46 University of Kansas Law Review 727

Abstract

The Shutts case combines many elements dear to academicians. Importantly, Shutts involved constitutional issues of due process so complex that these issues fully consumed the Supreme Court's opinion. The Shutts decision ultimately became important not so much for what it said, but rather for what it did not say. Hence, Shutts involved a Famous Footnote Three which created the so-called Shutts problem. Fortuitously, the Shutts problem subsequently accounted for not one, but two bizarre sojourns on the Supreme Court docket.
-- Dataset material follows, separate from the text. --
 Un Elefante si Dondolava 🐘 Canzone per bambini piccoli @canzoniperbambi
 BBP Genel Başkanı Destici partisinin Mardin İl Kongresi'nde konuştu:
The Supreme Court has had the opportunity to decide the Shutts issue twice, but remarkably, the Court twice has failed to do so. Thus, the Shutts problem remains, and the immediate, compelling question is not how the Court should decide the Shutts issue on its merits, but simply the problem of getting to Shutts in the first place. The Supreme Court does not grant appellate review in many cases, so it is all the more remarkable when the Court grants certiorari, only to subsequently conclude that it improvidently granted certiorari in the first place. Viewed in perspective, the Court very rarely dismisses on “improvidently granted” grounds.

It is all the more remarkable, then, that this Court has twice granted review on the Shutts issue, only to conclude that it twice improvidently granted certiorari. Needless to say, the Shutts issue is a very important class-action issue. However, the Shutts issue now merits some unique place in Supreme Court bungling, or at least Supreme Court trivia, for the repeated failure to properly get an issue before the Court. In pedantic fashion, the Court seems to be lecturing litigants to get their procedure right in perfecting an appeal to the Court.

Oddly, the Shutts problem has now been transformed into an entirely different problem of simply getting to Shutts. The lawyers in these cases are properly chastened, but on balance, the history of these litigations reflects not so much bungling as the considered strategic choices that went awry for the purposes of Supreme Court appeal. The practitioners remind us that most litigants, involved in the trenches, do not anticipate doing combat in the Supreme Court. Most lawyers, especially state court practitioners, do not start out with the perspective that their case is going to wind up in the United States Supreme Court, and thus it is logical that some constitutional issues like Shutts may be overlooked in what otherwise seems like work-a-day litigation to lawyers.

Consequently, lawyers need to look beyond or anticipate possible Supreme Court appellate issues, so as to properly assert and preserve such issues for an ultimate appeal. The experience also teaches that the strategic planning of lawyers may inadvertently result in the loss of an appellate issue, such as Shutts. Lawyers forced by state appellate rules to focus all their energies on “taking their best shot” during a fifteen minute oral argument, may thereby forfeit an appellate right, even though they believe they have preserved it in their brief.

The frustrated appeals also teach that lawyers may not be able to salvage an appellate issue by reasserting the issue in a petition for rehearing to the state supreme court. The lawyers made these decisions and, in hindsight, are uncertain what else they might have done to preserve the Shutts issue better than they did. Shutts watchers, however, may take some consolation that if and when future litigants ever successfully perfect a Supreme Court appeal, this issue has to be one of the most briefed and argued problems in Court history. And when that historic day arrives, the Justices ought to have a powerful sense of deja vu.

Full Citation

Linda S. Mullenix, Getting to Shutts [Symposium in Honor of Prof. Robert Casad], 46 University of Kansas Law Review 727 (1998).